═══ Data ═══
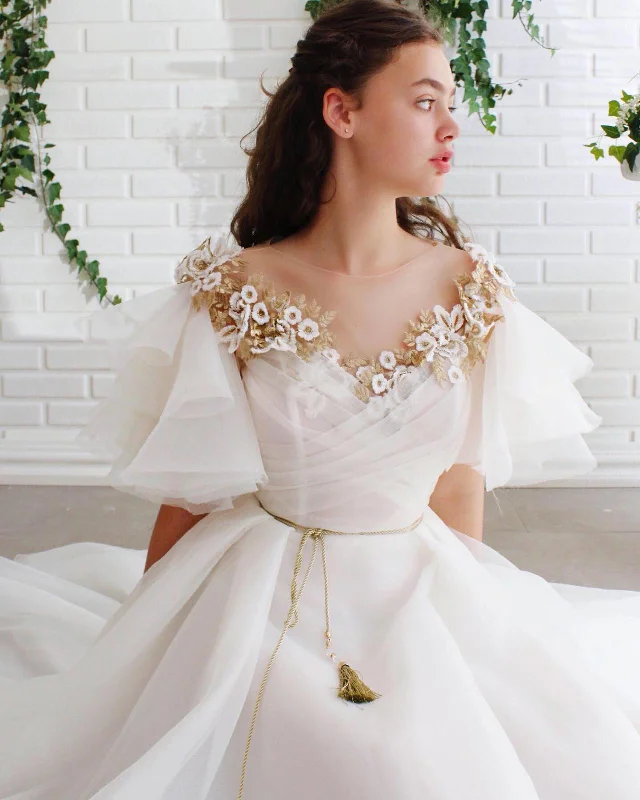 Get More for Less!Mesmerizing Aurora Gown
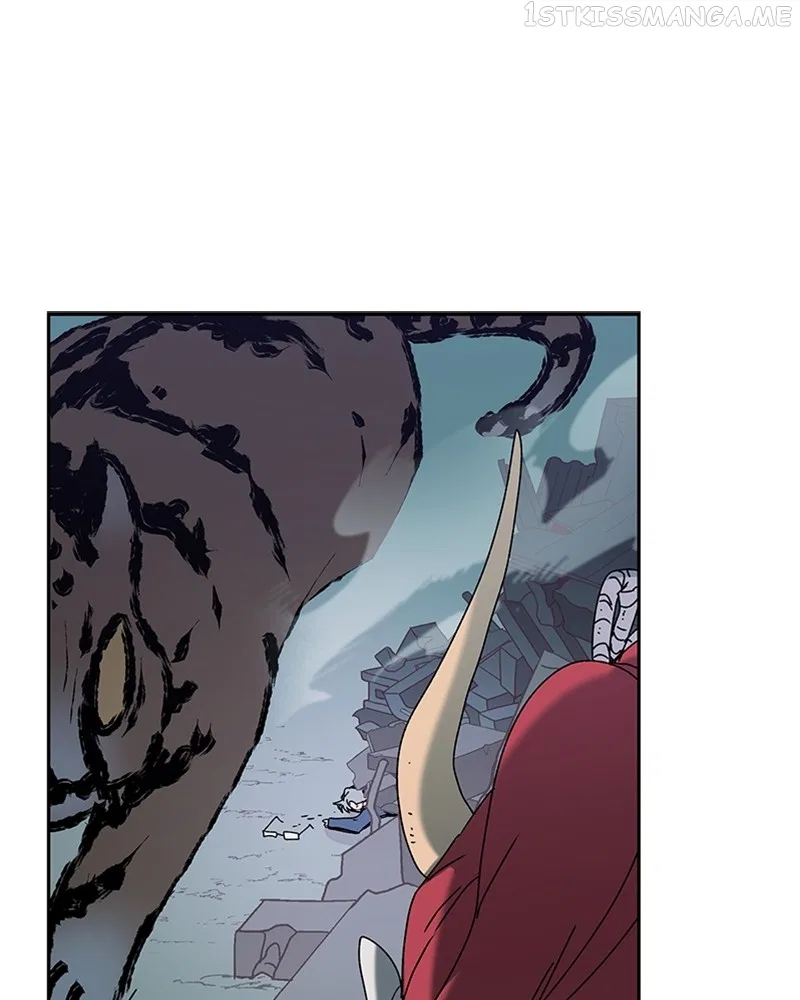 The Bride of a Monster Chapter 78 – Page 49
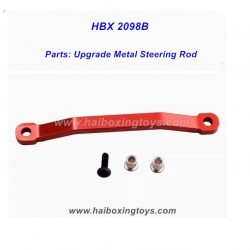 HBX Devastator upgrade steering rod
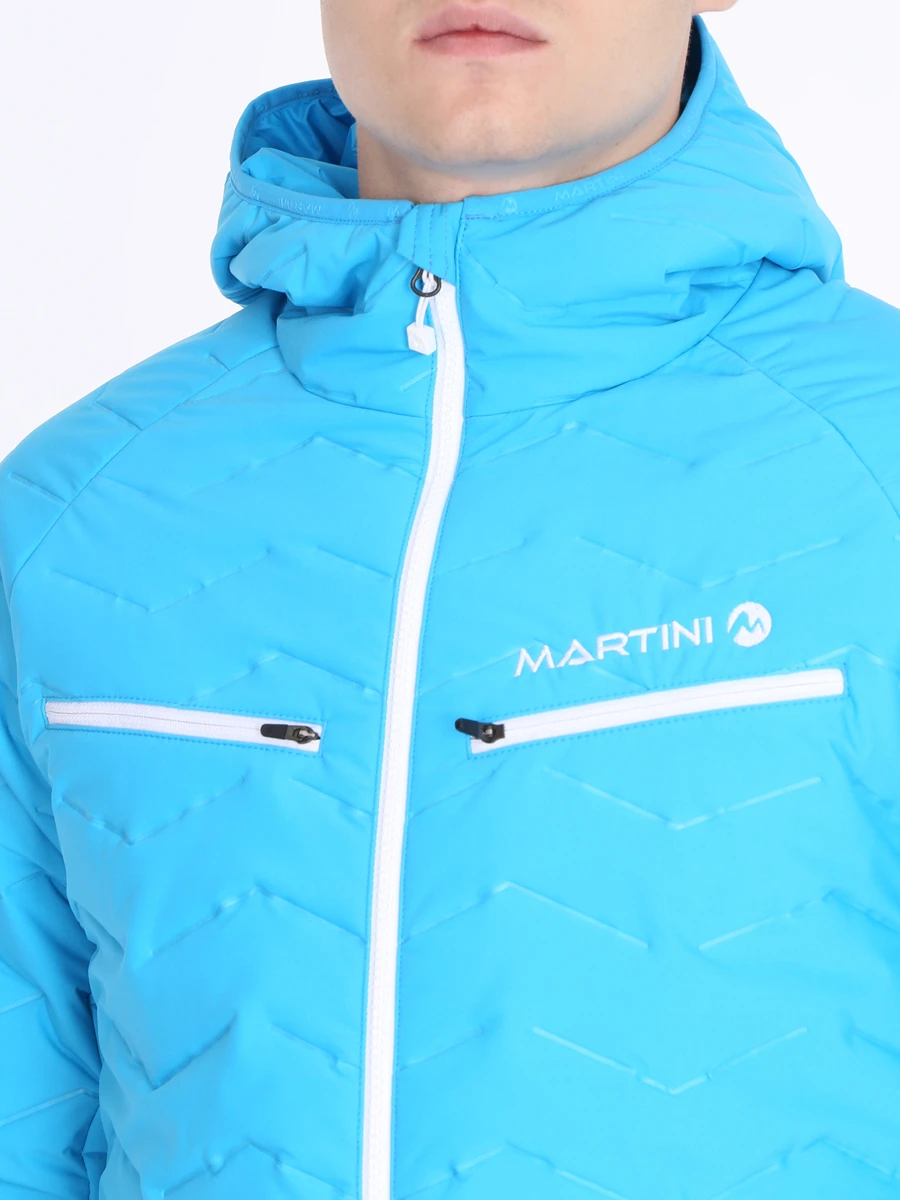 Куртка спортивная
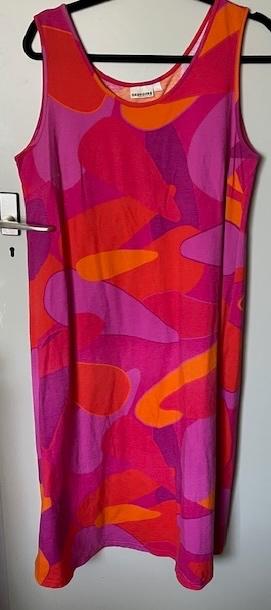Skandika jurk maat L, Kleding | Dames, Jurken, Overige kleuren, Skandika, Maat 42/44 (L), Ophalen of Verzenden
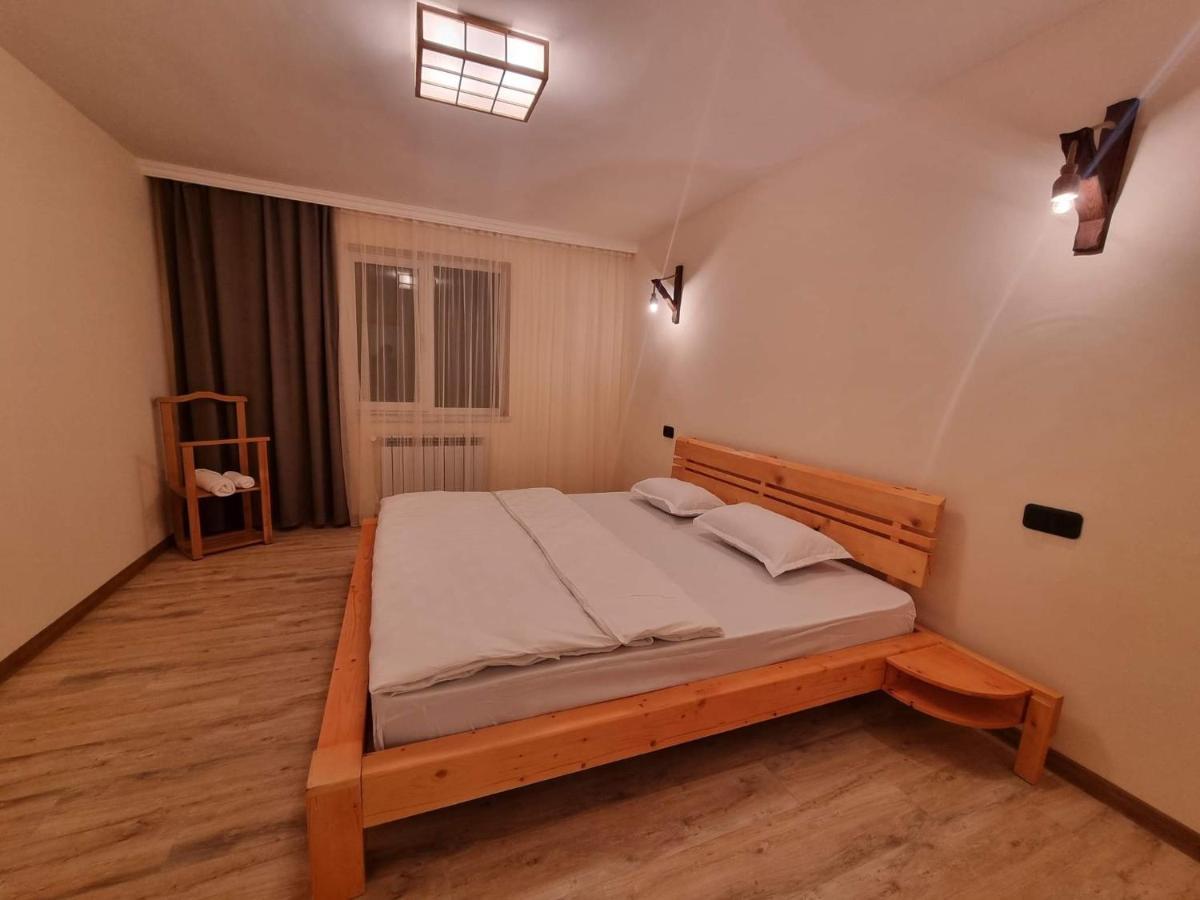 Fazenda Guest House Дилижан Экстерьер фото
═══
Please set down every line of the data above precisely, dropping the images.

 Get More for Less!Mesmerizing Aurora Gown
 The Bride of a Monster Chapter 78 – Page 49
 HBX Devastator upgrade steering rod
 Куртка спортивная
Skandika jurk maat L, Kleding | Dames, Jurken, Overige kleuren, Skandika, Maat 42/44 (L), Ophalen of Verzenden
 Fazenda Guest House Дилижан Экстерьер фото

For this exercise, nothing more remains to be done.